▶ _Your task_: Your task is to transcribe, without alteration, the lines from the top of the material below through the line bearing "التهابات الكتف", inclusive.

------------------------------

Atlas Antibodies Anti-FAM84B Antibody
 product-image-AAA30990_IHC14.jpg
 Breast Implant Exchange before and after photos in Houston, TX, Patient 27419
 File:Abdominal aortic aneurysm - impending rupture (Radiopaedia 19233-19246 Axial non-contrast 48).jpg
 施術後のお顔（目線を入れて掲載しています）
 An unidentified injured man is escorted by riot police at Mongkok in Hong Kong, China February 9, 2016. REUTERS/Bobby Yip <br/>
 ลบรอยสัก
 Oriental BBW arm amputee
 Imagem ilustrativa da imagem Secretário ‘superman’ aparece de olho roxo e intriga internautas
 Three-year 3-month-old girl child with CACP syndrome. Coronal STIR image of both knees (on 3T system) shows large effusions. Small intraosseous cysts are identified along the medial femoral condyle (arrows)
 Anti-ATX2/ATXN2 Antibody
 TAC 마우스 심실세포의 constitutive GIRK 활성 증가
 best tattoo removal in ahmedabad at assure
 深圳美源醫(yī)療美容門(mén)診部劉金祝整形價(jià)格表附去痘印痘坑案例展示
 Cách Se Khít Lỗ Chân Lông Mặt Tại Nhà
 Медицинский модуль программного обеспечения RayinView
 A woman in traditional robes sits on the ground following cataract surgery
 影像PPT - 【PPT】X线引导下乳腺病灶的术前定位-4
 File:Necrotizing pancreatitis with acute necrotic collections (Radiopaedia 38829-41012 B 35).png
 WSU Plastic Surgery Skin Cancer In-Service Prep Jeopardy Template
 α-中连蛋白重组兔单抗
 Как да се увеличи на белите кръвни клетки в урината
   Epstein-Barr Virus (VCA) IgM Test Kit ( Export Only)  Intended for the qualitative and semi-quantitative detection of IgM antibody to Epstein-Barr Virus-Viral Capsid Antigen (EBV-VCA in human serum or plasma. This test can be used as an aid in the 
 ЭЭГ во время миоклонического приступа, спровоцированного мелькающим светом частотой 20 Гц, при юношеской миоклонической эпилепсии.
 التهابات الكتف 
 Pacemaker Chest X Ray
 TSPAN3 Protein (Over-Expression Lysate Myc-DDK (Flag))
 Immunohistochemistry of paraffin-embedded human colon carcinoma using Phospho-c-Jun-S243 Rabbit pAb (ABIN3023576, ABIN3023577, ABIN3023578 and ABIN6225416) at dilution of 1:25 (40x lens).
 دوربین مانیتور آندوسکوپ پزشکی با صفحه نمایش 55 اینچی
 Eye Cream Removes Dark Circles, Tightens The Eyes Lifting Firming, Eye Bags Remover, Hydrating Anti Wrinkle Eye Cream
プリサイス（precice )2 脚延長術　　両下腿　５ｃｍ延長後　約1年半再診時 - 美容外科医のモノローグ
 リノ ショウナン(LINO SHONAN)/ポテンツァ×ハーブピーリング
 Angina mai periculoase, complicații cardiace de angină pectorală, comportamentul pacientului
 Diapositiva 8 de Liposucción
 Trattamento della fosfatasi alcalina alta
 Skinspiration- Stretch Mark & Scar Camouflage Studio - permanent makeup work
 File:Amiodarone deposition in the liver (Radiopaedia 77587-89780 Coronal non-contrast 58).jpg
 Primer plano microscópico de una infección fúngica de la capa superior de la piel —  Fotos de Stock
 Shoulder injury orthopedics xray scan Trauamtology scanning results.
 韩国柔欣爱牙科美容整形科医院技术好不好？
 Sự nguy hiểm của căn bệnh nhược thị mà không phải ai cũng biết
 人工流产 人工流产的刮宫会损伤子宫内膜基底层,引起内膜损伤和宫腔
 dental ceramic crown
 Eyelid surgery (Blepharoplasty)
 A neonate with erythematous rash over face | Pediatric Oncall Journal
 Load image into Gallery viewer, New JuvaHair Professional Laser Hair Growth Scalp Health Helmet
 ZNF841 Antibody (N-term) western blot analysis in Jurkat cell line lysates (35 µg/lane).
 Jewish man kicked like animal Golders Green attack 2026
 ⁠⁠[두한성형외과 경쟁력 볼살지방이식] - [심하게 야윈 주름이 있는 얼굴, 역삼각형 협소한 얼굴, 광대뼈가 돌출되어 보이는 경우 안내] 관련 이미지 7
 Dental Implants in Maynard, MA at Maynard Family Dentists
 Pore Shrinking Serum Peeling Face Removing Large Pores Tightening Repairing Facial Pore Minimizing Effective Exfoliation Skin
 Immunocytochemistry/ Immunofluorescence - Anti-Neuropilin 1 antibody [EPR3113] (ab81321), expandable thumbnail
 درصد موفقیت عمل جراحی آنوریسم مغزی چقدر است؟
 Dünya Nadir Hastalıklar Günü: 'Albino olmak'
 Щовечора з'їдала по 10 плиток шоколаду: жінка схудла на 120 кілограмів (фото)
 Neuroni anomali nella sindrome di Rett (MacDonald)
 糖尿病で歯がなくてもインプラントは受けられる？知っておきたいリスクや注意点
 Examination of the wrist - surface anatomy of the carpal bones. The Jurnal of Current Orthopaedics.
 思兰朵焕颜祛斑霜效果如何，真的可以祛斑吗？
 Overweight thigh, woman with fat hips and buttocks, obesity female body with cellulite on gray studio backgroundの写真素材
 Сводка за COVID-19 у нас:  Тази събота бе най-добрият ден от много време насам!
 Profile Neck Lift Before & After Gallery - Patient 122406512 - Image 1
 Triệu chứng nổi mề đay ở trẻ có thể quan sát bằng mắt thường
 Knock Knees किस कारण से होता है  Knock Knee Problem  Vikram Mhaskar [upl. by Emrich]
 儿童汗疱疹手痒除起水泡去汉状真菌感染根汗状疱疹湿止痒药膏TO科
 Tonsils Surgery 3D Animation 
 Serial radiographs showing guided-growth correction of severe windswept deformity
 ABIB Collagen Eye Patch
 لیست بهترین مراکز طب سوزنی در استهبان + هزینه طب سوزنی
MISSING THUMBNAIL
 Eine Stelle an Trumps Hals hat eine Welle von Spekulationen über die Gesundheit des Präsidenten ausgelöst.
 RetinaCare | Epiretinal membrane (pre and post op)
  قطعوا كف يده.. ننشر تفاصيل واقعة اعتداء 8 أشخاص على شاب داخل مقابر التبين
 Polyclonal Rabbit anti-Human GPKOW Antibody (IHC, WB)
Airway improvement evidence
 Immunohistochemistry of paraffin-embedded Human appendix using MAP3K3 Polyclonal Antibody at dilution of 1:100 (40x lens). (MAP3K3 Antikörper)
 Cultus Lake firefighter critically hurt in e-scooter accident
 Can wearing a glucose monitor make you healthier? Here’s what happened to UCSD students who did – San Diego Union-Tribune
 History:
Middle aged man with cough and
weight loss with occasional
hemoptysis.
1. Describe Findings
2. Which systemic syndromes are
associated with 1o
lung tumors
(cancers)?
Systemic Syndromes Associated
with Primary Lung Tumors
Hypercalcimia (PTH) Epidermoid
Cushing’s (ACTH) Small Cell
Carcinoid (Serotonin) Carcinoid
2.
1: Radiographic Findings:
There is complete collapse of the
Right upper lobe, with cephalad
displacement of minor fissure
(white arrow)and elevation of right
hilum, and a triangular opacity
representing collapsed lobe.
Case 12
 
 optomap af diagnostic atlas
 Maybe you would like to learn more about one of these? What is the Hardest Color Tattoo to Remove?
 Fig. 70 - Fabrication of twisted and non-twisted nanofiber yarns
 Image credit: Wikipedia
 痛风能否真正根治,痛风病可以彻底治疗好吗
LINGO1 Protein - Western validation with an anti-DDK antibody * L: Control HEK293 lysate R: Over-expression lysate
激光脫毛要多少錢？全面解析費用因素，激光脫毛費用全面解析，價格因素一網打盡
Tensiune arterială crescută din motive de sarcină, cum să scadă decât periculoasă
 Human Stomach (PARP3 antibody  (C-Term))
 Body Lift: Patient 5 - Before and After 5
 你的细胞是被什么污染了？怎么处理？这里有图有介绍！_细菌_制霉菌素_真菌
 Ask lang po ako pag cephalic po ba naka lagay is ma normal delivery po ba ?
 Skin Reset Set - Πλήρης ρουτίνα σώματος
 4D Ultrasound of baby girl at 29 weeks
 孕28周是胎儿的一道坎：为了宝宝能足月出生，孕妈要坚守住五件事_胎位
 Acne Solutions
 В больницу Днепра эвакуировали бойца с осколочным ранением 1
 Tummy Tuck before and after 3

------------------------------

▶ _The completed task_:
Atlas Antibodies Anti-FAM84B Antibody
 product-image-AAA30990_IHC14.jpg
 Breast Implant Exchange before and after photos in Houston, TX, Patient 27419
 File:Abdominal aortic aneurysm - impending rupture (Radiopaedia 19233-19246 Axial non-contrast 48).jpg
 施術後のお顔（目線を入れて掲載しています）
 An unidentified injured man is escorted by riot police at Mongkok in Hong Kong, China February 9, 2016. REUTERS/Bobby Yip <br/>
 ลบรอยสัก
 Oriental BBW arm amputee
 Imagem ilustrativa da imagem Secretário ‘superman’ aparece de olho roxo e intriga internautas
 Three-year 3-month-old girl child with CACP syndrome. Coronal STIR image of both knees (on 3T system) shows large effusions. Small intraosseous cysts are identified along the medial femoral condyle (arrows)
 Anti-ATX2/ATXN2 Antibody
 TAC 마우스 심실세포의 constitutive GIRK 활성 증가
 best tattoo removal in ahmedabad at assure
 深圳美源醫(yī)療美容門(mén)診部劉金祝整形價(jià)格表附去痘印痘坑案例展示
 Cách Se Khít Lỗ Chân Lông Mặt Tại Nhà
 Медицинский модуль программного обеспечения RayinView
 A woman in traditional robes sits on the ground following cataract surgery
 影像PPT - 【PPT】X线引导下乳腺病灶的术前定位-4
 File:Necrotizing pancreatitis with acute necrotic collections (Radiopaedia 38829-41012 B 35).png
 WSU Plastic Surgery Skin Cancer In-Service Prep Jeopardy Template
 α-中连蛋白重组兔单抗
 Как да се увеличи на белите кръвни клетки в урината
   Epstein-Barr Virus (VCA) IgM Test Kit ( Export Only)  Intended for the qualitative and semi-quantitative detection of IgM antibody to Epstein-Barr Virus-Viral Capsid Antigen (EBV-VCA in human serum or plasma. This test can be used as an aid in the 
 ЭЭГ во время миоклонического приступа, спровоцированного мелькающим светом частотой 20 Гц, при юношеской миоклонической эпилепсии.
 التهابات الكتف 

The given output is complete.